The rightmost column in the table shows the time taken to process a single signal. There is no difference in signal denoising time between the deep-water channel and shallow-water channel. The denoising time of the traditional algorithm is significantly higher than that of the deep-learning-based method. Although we extracted multi-channel and non-neighborhood features, our proposed method can still achieve high performance. With the increase in the noise coefficient, the signal-to-noise ratio decreases. Table 3 and Table 4 present the RMSE and SNR of shallow-water channels and deep-water channels, respectively, with different noise coefficients. The signal-to-noise ratio of the deep-water channel after denoising is slightly higher, mainly due to the significant improvement in the seabed signal caused by high gain. The denoising algorithm based on the adaptive wavelet or soft threshold can preserve the details of the signal when processing shallow-water channel data. However, with the decrease in the signal-to-noise ratio, the problem of noise misjudgment is difficult to alleviate. Combining correlation analysis and empirical mode decomposition methods can preserve IMF components with high correlations; thus, reconstructing signals can improve the ability to retain weak signals. The signal-to-noise ratios of the CAENN and non-neighborhood architectures are significantly improved, but their RMSE values are also higher than that of the EMD-STRP algorithm due to the low stability of seabed signals in shallow-water channels and the single-frame-based network architecture. Although it is better at removing Gaussian noise, its ability to retain the target signal is not strong. The MS-CNN architecture introduces a channel attention mechanism, resulting in a significant decrease in RMSE. The proposed CNLD structure further improves the signal-to-noise ratio by considering the structural similarity of multi-frame data and the data correlation between channels.

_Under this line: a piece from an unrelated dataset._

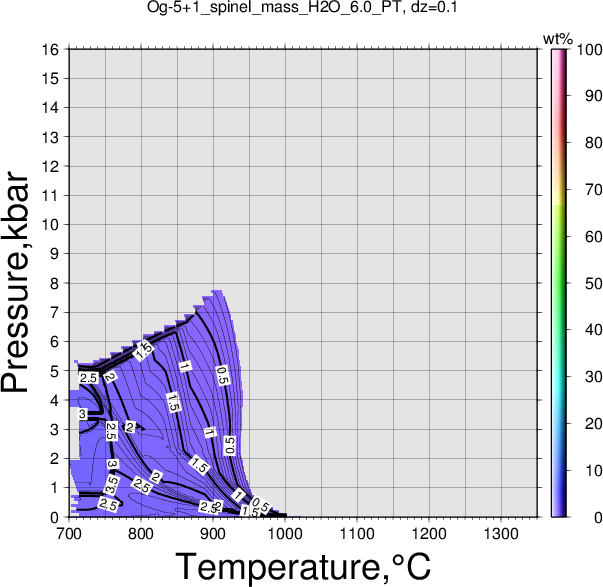 Og-5+1/Og-5+1_spinel_mass_H2O_6.0_PT.png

The SNR and RMSE after denoising in deep-water channels are higher than those in shallow-water channels, because a high gain simultaneously improves the signal-to-noise ratio of the target signal and noise, resulting in a decrease in denoising stability. The wavelet denoising effect of the soft threshold gradually outperforms the EMD algorithm as the noise coefficient increases, indicating that the extraction of correlation feature components in single-frame data is susceptible to Gaussian noise. The method based on deep learning is also superior to traditional algorithms in deep-water channel data denoising, with CAENN having a signal-to-noise ratio lower than 1D-nonlocal, indicating that optimizing the non-neighborhood feature extraction of time-domain signals can improve the signal-to-noise ratio of weak echoes submerged in noise. As the noise coefficient increases, the RMSE of 1D nonlocal gradually decreases compared to CAENN, indicating that non-neighborhood features exhibit high stability at low signal-to-noise ratios. The MS-CNN architecture combines multi-channel correlations to optimize the signal-to-noise ratio for denoising. Although the attention mechanism is introduced, the lack of adjacent frame features makes it unstable in preserving weak signals. Our proposed CNLD architecture not only considers the local similarity characteristics of similar positions in multiple frames of data within the channel but also considers the high-dimensional correlation of data between channels. Therefore, it can display a better denoising level with a lower root mean square error and the lowest signal-to-noise ratio. Below, we further compare the denoising effects by visualizing stacked echoes and single-frame echoes, with the shallow-water channel results at the top and deep-water channel results at the bottom of each grouping.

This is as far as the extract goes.